Максим Горький
О Василии Слепцове
Крупный, оригинальный талант Слепцова некоторыми чертами сроден чудесному таланту А. П. Чехова; хотя Слепцов совершенно не владел вдумчивой, грустной лирикой, чутьём природы и мягким, однако точным языком Антона Чехова, но острота наблюдений, независимость мысли и скептическое отношение к русской действительности очень сближают этих писателей, далёких друг другу в общем.
Очерки Слепцова появились в те годы, когда в русской литературе особенно громко начали раздаваться голоса «кающихся дворян», зазвучала чувствительная исповедь потомков о грехах предков, – исповедь весьма многослойная, не всегда сердечная и едва ли уместная, ибо то, что называлось «грехом предков» («отцы ели кислый виноград, а у детей на зубах оскомина», Иеремия, 31, 29), было исторической неизбежностью, обязательным для всех народов этапом культурного развития и требовало не словесного раскаяния потомков, а их упорной борьбы с окаменелостями прошлого в мысли и деле, в быте и чувстве. Тогда разыгрывалось в русской литературе и под её влиянием в обществе второе действие странной романтической драмы, героями которой являлись, с одной стороны, влюблённая интеллигенция, с другой – бесчувственный народ, причём за подлинный народ принималось только большинство населения – крестьянство, другие же классы, например, рабочий, как бы не существовали и не замечались литературой. О народе литература говорила, как и надлежит влюблённой, повышенным тоном, стараясь подчеркнуть прежде всего положительные начала его психики и быта, невольно преувеличивая их, но в общем стремясь пробудить гуманное отношение к мужику, действительное внимание к деревне, что и было достигнуто литературой.
1. Впервые напечатано без заглавия в виде предисловия к книге В. Слепцова «Трудное время», издание 3.Гржебина, 1922. В этом издании статья была напечатана с большими искажениями. На некоторые из них указал сам М. Горький в письме в редакцию сборников «Литературное наследство» от 30 марта 1932 года:
«После первого абзаца, – сообщал М. Горький, – были приведены образцы приёмов Слепцова, которыми он пользовался для изображения пейзажа и жанра. Для пейзажа было взято несколько строк начала повести „Трудное время“, а для жанра – сцена съезда мировых посредников из той же повести».
Далее М. Горький указывает, что неизвестный редактор из издательства 3.Гржебина исказил своей «правкой» смысл четвёртого абзаца («После, – в 80-х, в 1905-6 гг…» и т. д.). «Речь шла не только о наших днях, а главным образом об „эпохе великих реформ“», – указывал М. Горький. Редактор вычеркнул цитату из «Губернских очерков», выдержку из «Нравов Растеряевой улицы» и ссылку на провинциальные корреспонденции «Искры» Курочкиных, извратив мысли М. Горького. Вычеркнутым оказалось и то место, где М. Горький сравнивал Слепцова, как наблюдателя, с известным собирателем фольклорных материалов Якушкиным.

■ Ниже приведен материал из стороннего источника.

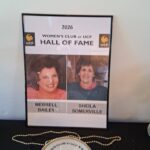 Framed poster reads "2026 Women's Club at UCF Hall of Fame" with photos and names of Merrell Bailey and Sheila Somerville, placed on a table with a decorative plate and beads.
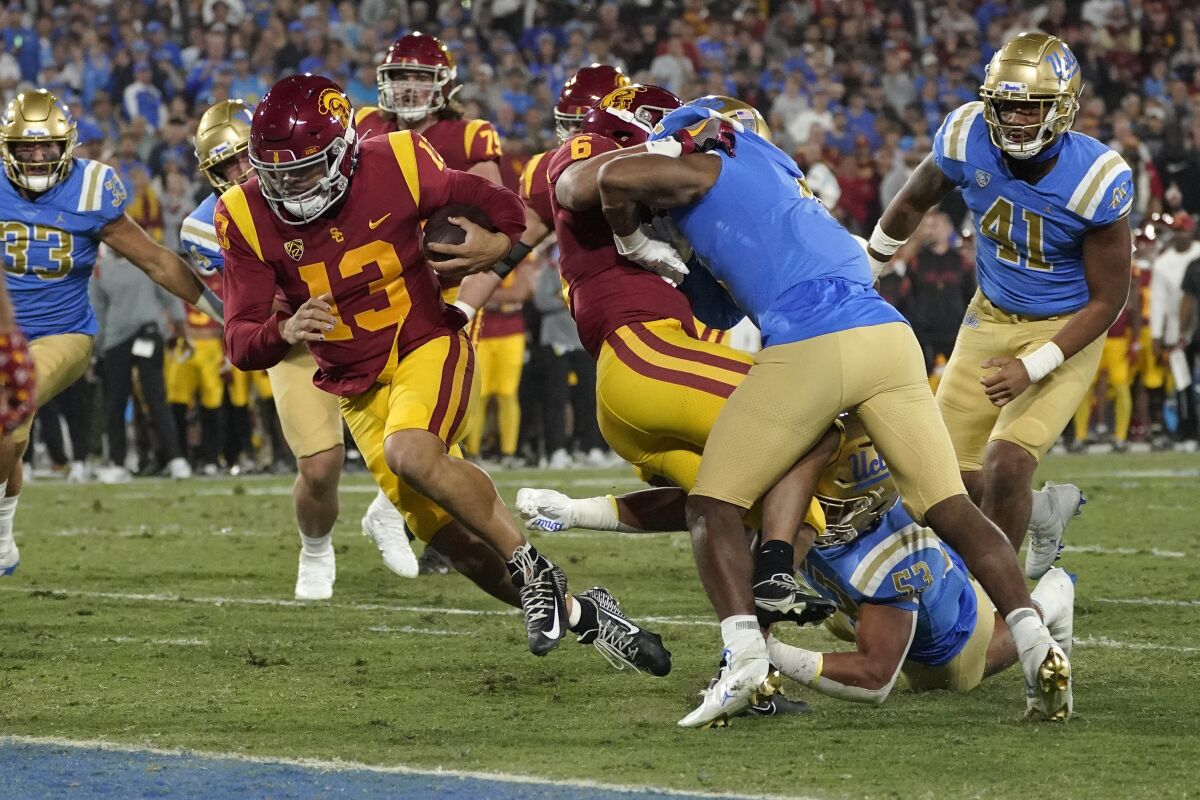 Caleb Williams scores a touchdown in USC's 48-45 win over UCLA on Nov. 19, 2022 at the Rose Bowl.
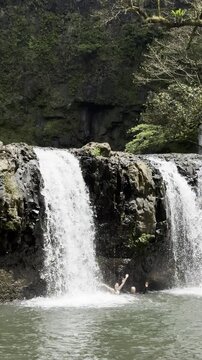 brave girl and man stand under powerful tall waterfall  in dense rainforest next to unique Nandroya Falls, Wooroonooran National Park, Waterfall Way, tropical North Queensland, Cairns, Australia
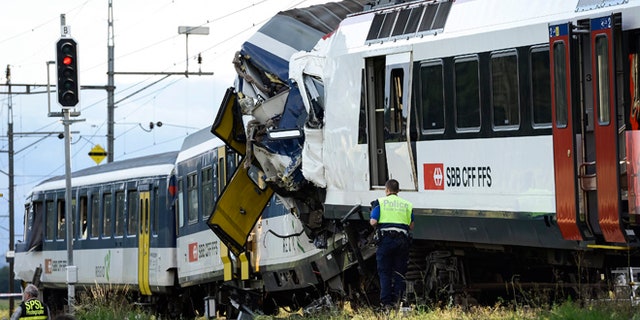 July 29, 2013: Police inspect the site where two passenger trains collided head-on in Granges-pres-Marnand, western Switzerland. Numerous people have been injured.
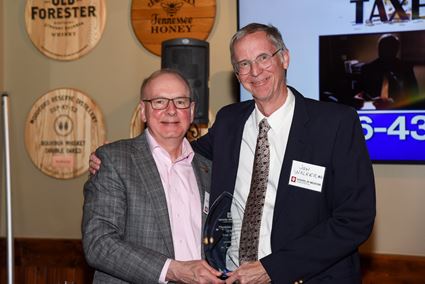 Dean Jay Hess and Dr. Jon Walker with award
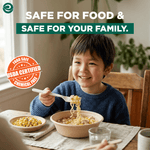 Child at a table smiling while using an EcoSoul compostable fork to eat noodles with a USDA certified food-safe badge overlay.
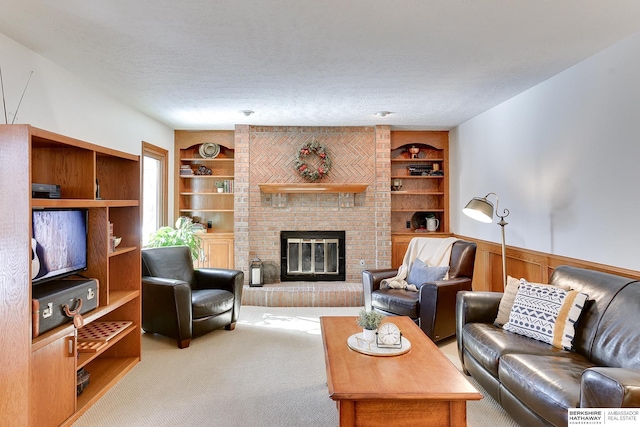 living area featuring carpet floors, built in features, a textured ceiling, and wainscoting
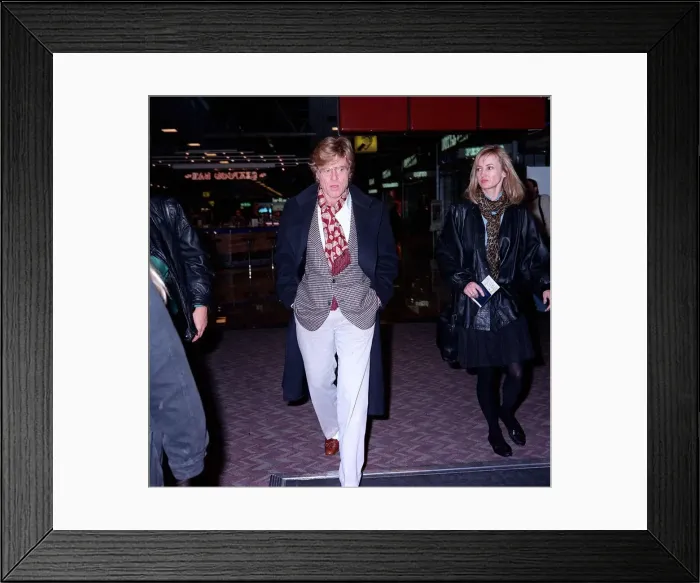 Framed Print : Robert Redford actor at London airport with unidentified womam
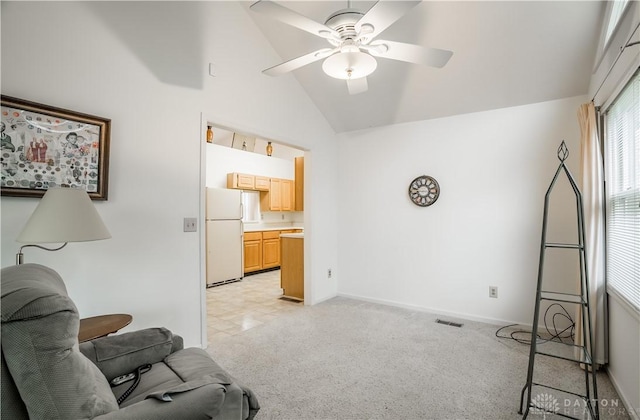 living area featuring ceiling fan and high vaulted ceiling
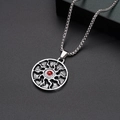 Detail of square twist chain necklace featuring a red gemstone sunburst pendant charm - Sun Necklace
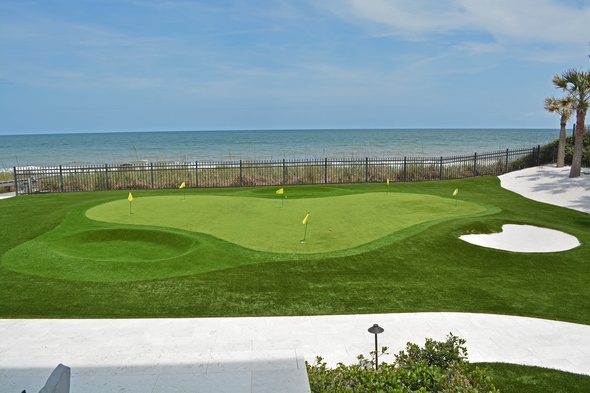 Tucson Synthetic grass golf green by the sea with yellow flags and a sand bunker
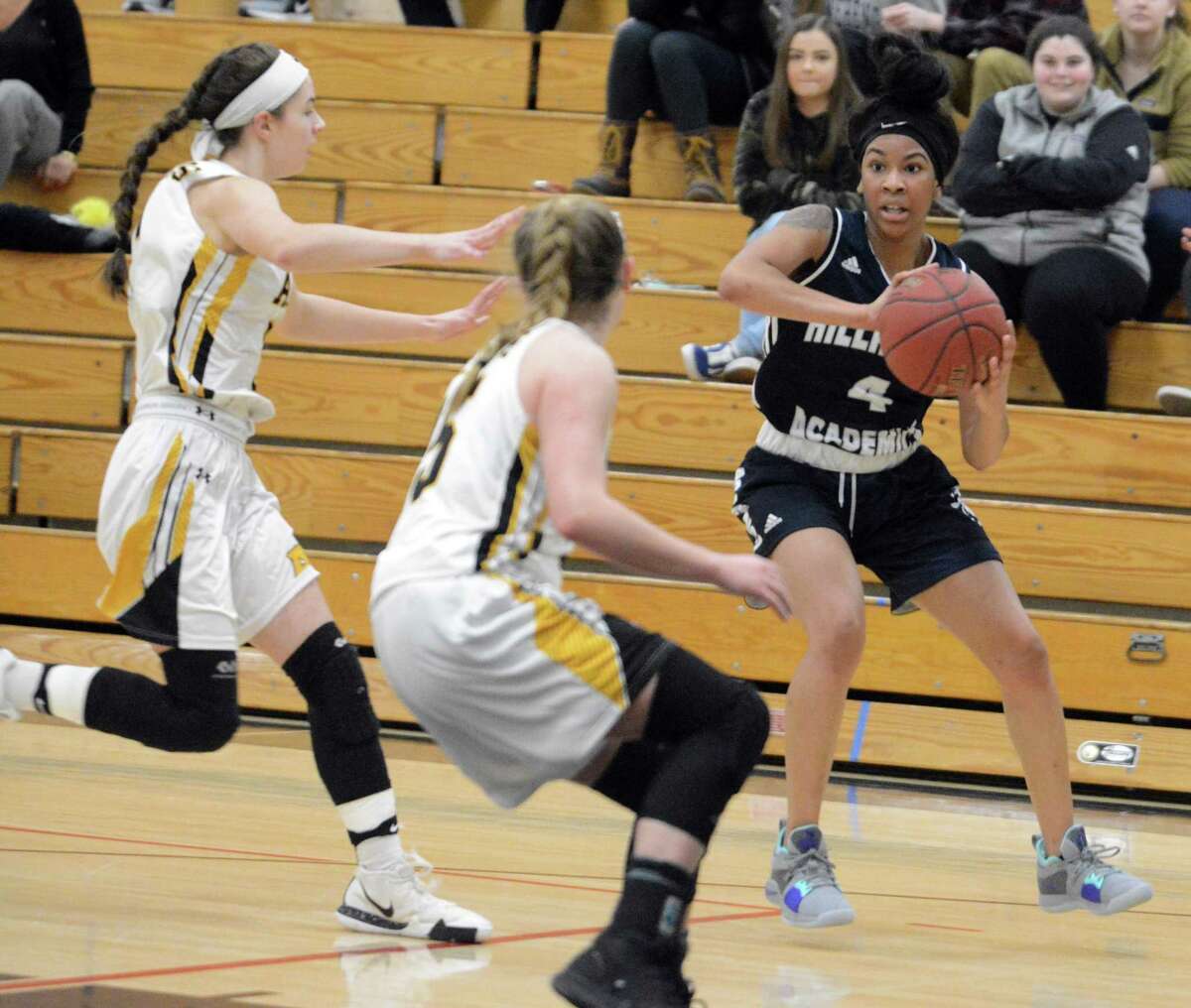 Hillhouse’s Ciara Little (4) looks to make a pass while defended by a pair of Amity defenders on Wednesday.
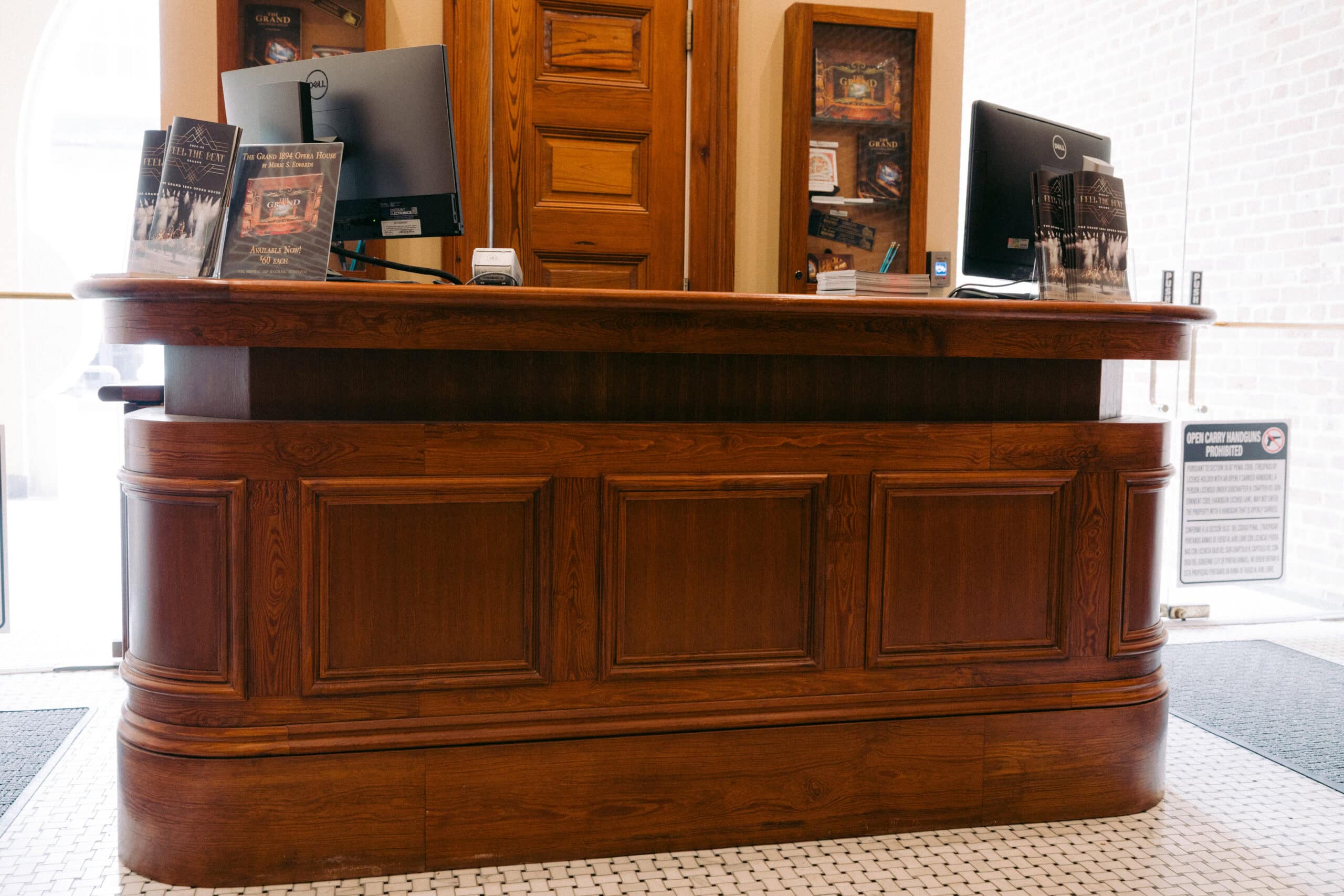 A wooden reception desk with two computer monitors, promotional brochures, and wood paneling, situated on a tiled floor with a wooden door and shelves in the background. - McNatt Contracting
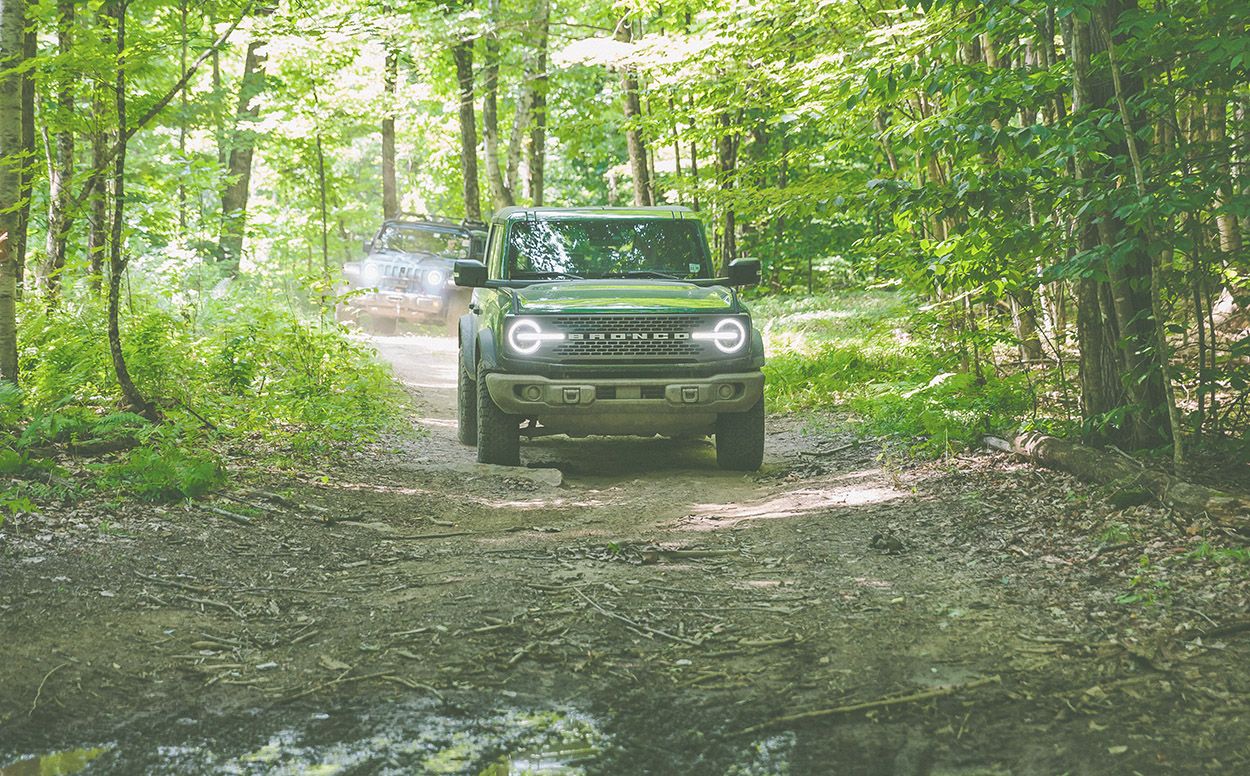 Ford Bronco off roading in woodland setting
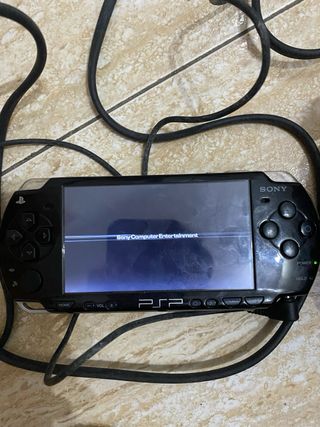 PSP Sony Negra + Funda y UMD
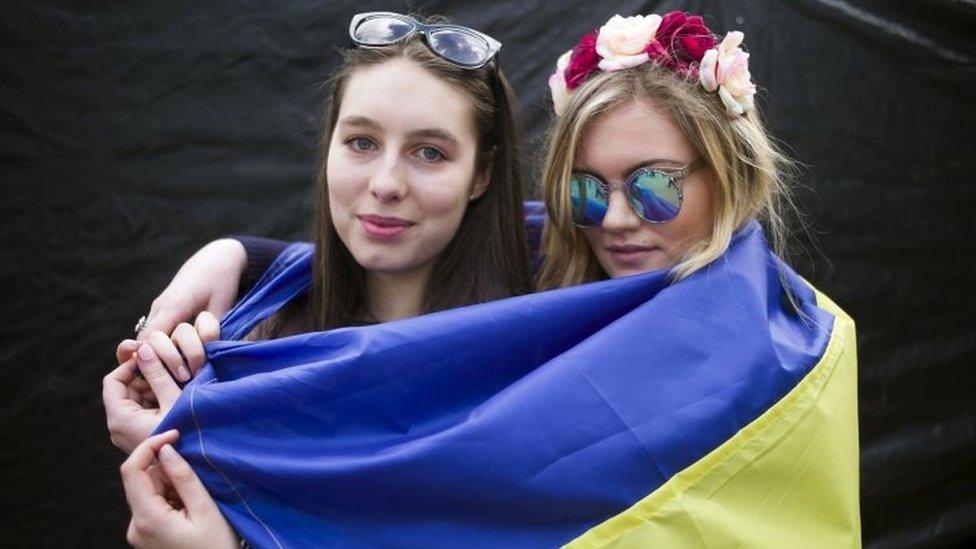 Sofia Pavlovska and Anastasiya Dusanska of Ukraine, who both live in The Hague, pose during a demonstration on the EU referendum at the Dam Square in Amsterdam (03 April 2016)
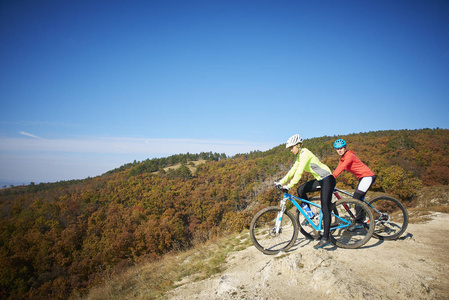 两个女骑自行车的人在山上骑自行车时欣赏美丽的风景。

Указывая, что Якушкин брал материал фольклора не «от помещичьих хоров» (материал, цензурованный помещиком, искажённый), М. Горький писал: «Якушкин „черпал“ его непосредственно „из уст народа“, на сельских ярмарках, на базарах. Н. Е. Каронин-Петропавловский говорил Короленко и мне, что у Слепцова были „толстущие тетради“ записей его бесед с сектантами, анекдотов, песен, рассказов о попах» (сб. «Литературное наследство», М. 1932, номер 3, стр.147).
В 1932 году М. Горький внёс в статью некоторые поправки, но не смог восстановить её полностью, так как не имел под руками рукописи, которая пропала. В том же году статья с небольшими поправками под заглавием «О Василии Слепцове» была напечатана в сборнике «Литературное наследство», 1932, номер 3, в виде вступительной статьи к «Сценам в полиции».
В авторизованные сборники статья не включалась.
Печатается по тексту сборника «Литературное наследство».